Christensen family lived on Figure Four Ranch

Submitted Photo Vic Christensen was the son of pioneer ranchers.

Vic Christensen was the son of pioneer ranchers Hans and Johanna Christensen. The Christensen family arrived in Dakota Territory at Fort Lincoln in the 1870s. They moved to a Dunn County site in the 1880s and then to the Figure Four Ranch near Fort Berthold Reservation in McKenzie County. Initially, the Figure Four was principally a horse ranch.

Vic was born in 1895 and attended the University of North Dakota and the University of Minnesota where he earned a law degree. He then returned to the family ranch and, upon the death of his father, took over the operation 30 miles north of Killdeer.

In addition to land holdings in Dunn County, the Figure Four also leased land on the Fort Berthold Reservation where Vic led the annual big lease roundup.

Following World War I the price of horses dropped and the Figure Four became a cattle ranching operation.
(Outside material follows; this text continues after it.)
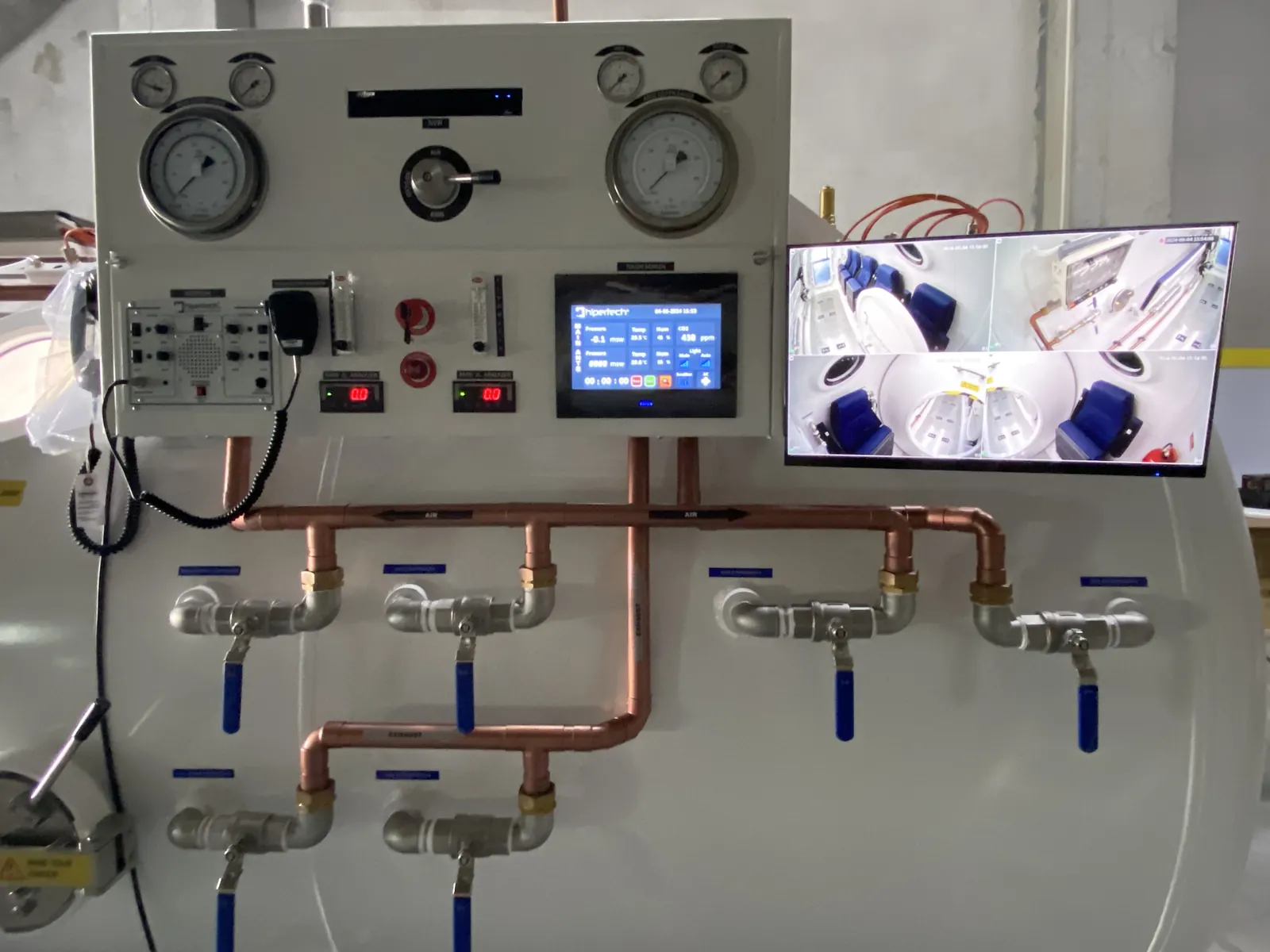 A decompression chamber control panel: depth gauges, a touchscreen, a monitor showing the interior, and the valve manifold running along the hull below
It became known as one of the finest cattle operations in the state. The Christensens maintained a home on the ranch and in Watford City. Vic became known as “The Flying Cowboy” because he often used a small plane to travel between Watford City and the ranch.

Vic became president of the North Dakota State Cattlemen’s Association. He died in 1953.

He was inducted in the North Dakota Cowboy Hall of Fame in the Pre-1940s Ranching category in 1998.

In more recent years the Three Affiliated Tribes (Mandan, Hidatsa and Arikara Nation) on the Fort Berthold Reservation purchased the historic Figure Four Ranch from ranchers Dean and Shirley Meyer in 1999. The roughly 9,300-acre ranch, east of Watford City, straddles Dunn and McKenzie counties. Today the ranch has buffalo and comes under the Three Affiliated Tribes’ Tourism.